Keenam, Kepala Negara meminta agar langkah penegakan hukum dilakukan tanpa kompromi. Penegakan hukum yang tegas terhadap siapapun yang melakukan pembakaran hutan dan lahan, baik itu di konsesi milik korporasi, milik perusahaan, maupun di masyarakat sehingga timbul efek jera.
“Terapkan sanksi yang tegas bagi pembakar hutan dan lahan, baik sanksi administrasi, perdata, maupun pidana,” tegasnya.
“Jangan sampai kita ini malu di ASEAN Summit, pertemuan negara-negara ASEAN, ada 1, 2, 3 negara yang membicarakan ini. Dalam lima tahun ini sudah enggak ada, jangan sampai dibuat ada lagi. Saya titip itu, malu kita. Dipikir kita enggak bisa menyelesaikan masalah ini. Bisa. Tadi sudah disampaikan Pak Menko Polhukam sudah turun 88 persen. Kalau bisa ditingkatkan lagi dari angka itu,” tandasnya.
Menteri Koordinator Bidang Politik, Hukum, dan Keamanan Mahfud Md. dalam laporannya menyebut telah terjadi penurunan karhutla secara signifikan pada tahun 2020. Pada tahun 2019 tercatat luas kebakaran yang cukup tinggi dibandingkan tahun 2016, 2017, dan 2018, yakni seluas 1.592.010 hektare. Meskipun ini masih jauh lebih kecil jika dibandingkan luas kebakaran hutan dan lahan pada tahun 2015 yang mencapai 2,61 juta hektare.

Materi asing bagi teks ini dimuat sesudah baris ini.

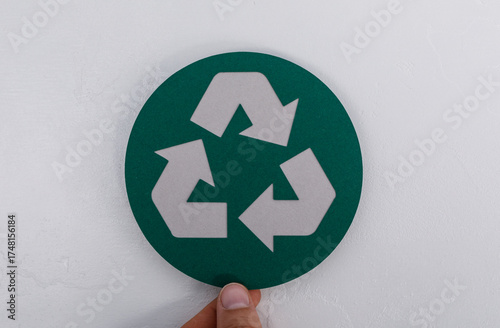 A hand holding the green re...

“Pada tahun 2020, luas kebakaran hutan dan lahan tercatat hanya 296.942 hektare. Menurun sangat signifikan jika dibandingkan tahun 2019, artinya (menurun) 82 persen. Jika dibandingkan dengan kebakaran hutan tahun 2015 berarti menurun sebesar 88,63 persen,” kata Mahfud.